The following is a guest post submitted by Lyn87:
It seems that people in general – and women in particular – have unrealistic ideas about what they can expect in a mate. Most guys I knew when I was single in the 1980′s didn’t have a long list of “must haves” for prospective wives. They dated around until they found somebody they liked, and things progressed (or not). If they did they got married.
I can’t speak with any authority about how things were before feminism, but women today tend to have long lists of “must haves” for men they will consider for marriage. There’s nothing particularly wrong with that – as long as the list is reasonable and the woman is “in the same league” as the men who have those attributes.
And therein lies the problem. Feminism and the church have taught women that they are all special snowflakes who deserve the very best. After all, if you are a smart, sassy, “Daughter of the King,” then nobody is out of your league. But there are a finite number of Prince Charmings to go around, and not every girl gets to be Cinderella. The heretical “prosperity gospel” has spilled over into the mating dance, too, and they think that it is God’s will that they meet and marry a man who will make them deliriously happy for the rest of their lives. I don’t see anywhere in scripture where God wants us to be unhappy, but in the grand scheme of things God cares a lot more about our holiness than our happiness.
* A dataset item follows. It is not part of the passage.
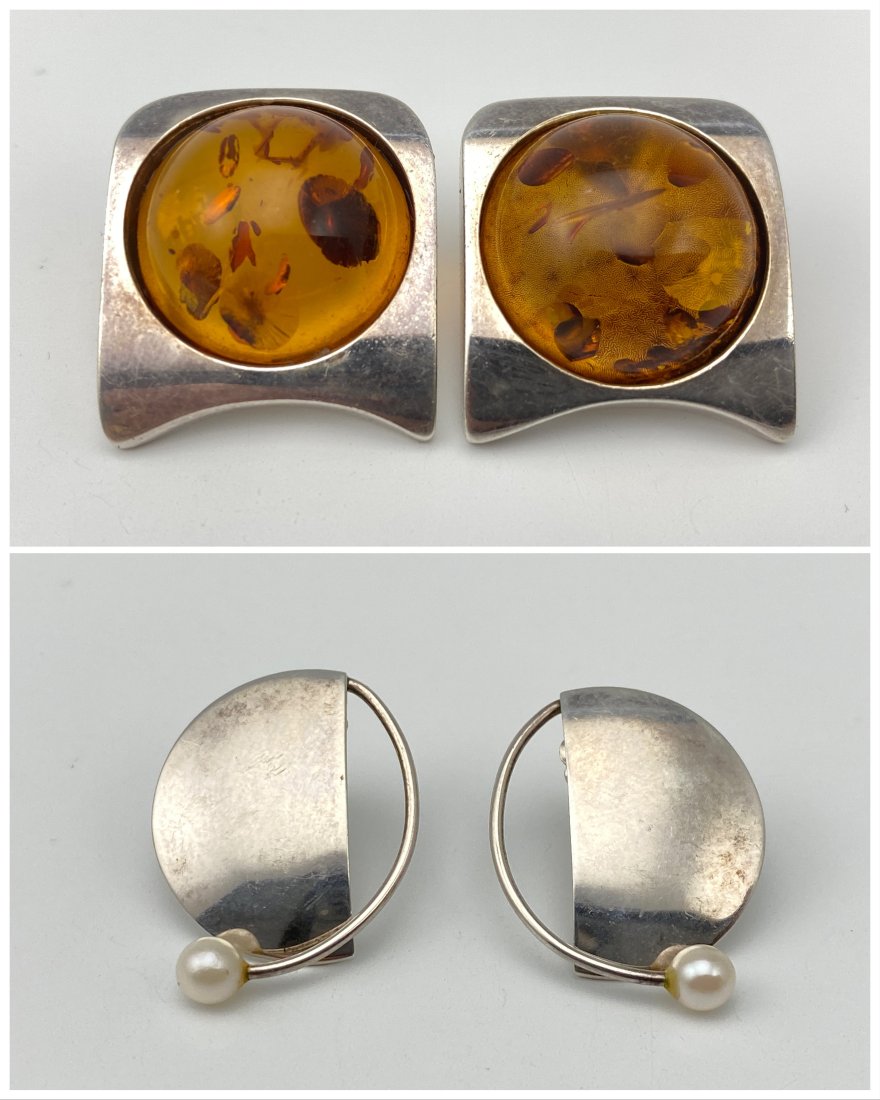Sterling Silver Amber And Pearl Earrings: Sterling Silver Amber And Pearl Earrings. 15.8. Pearl Earrings Marked J Grey, Sterling. Amber Earrings 0.875 x 0.875 in. Pearl Earrings 0.875 x 0.625 in. All measurements are approximate. ALL CREDIT C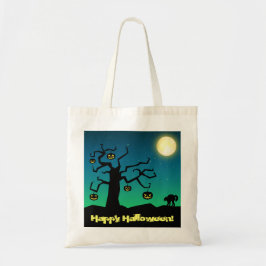 Griezelige Halloween Pompoen Boom - Zak Tote Bag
Today’s Churchian woman feels that she should be able to go to the “Good Man Store” and pick out a husband like she would pick out a pair of shoes. A lifetime of consumerism has taught her that, when she wants something, she can just go to a store or a website, find exactly what she wants, and effortlessly acquire it. If it costs more than she can afford today she can just swipe the plastic. Almost nothing she wants is really out of her reach. There’s little thought that the best things cost more, because cost rarely figures into her day-to-day calculus of living. She gets what she wants and the link between showing up at her job and the ability to swipe the plastic is, at best, tenuous in her mind.
She think husbands should be like that: a wide variety of desirable men sitting on a shelf waiting for her to decide that she wants one; readily available for her to choose the one she wants – with a half-conscious thought that she will have to give something in return… maybe a little bit over the next fifty paydays: so little she’ll hardly notice it.
But marriage is more like a cash-and-carry transaction. What she brings to the table today largely limits what she can get today – and there is no “Good Man Store” with every make and model for her to choose from. It’s much more like an auction, and the auctioneer is less interested in what she wants than in what she can spend today.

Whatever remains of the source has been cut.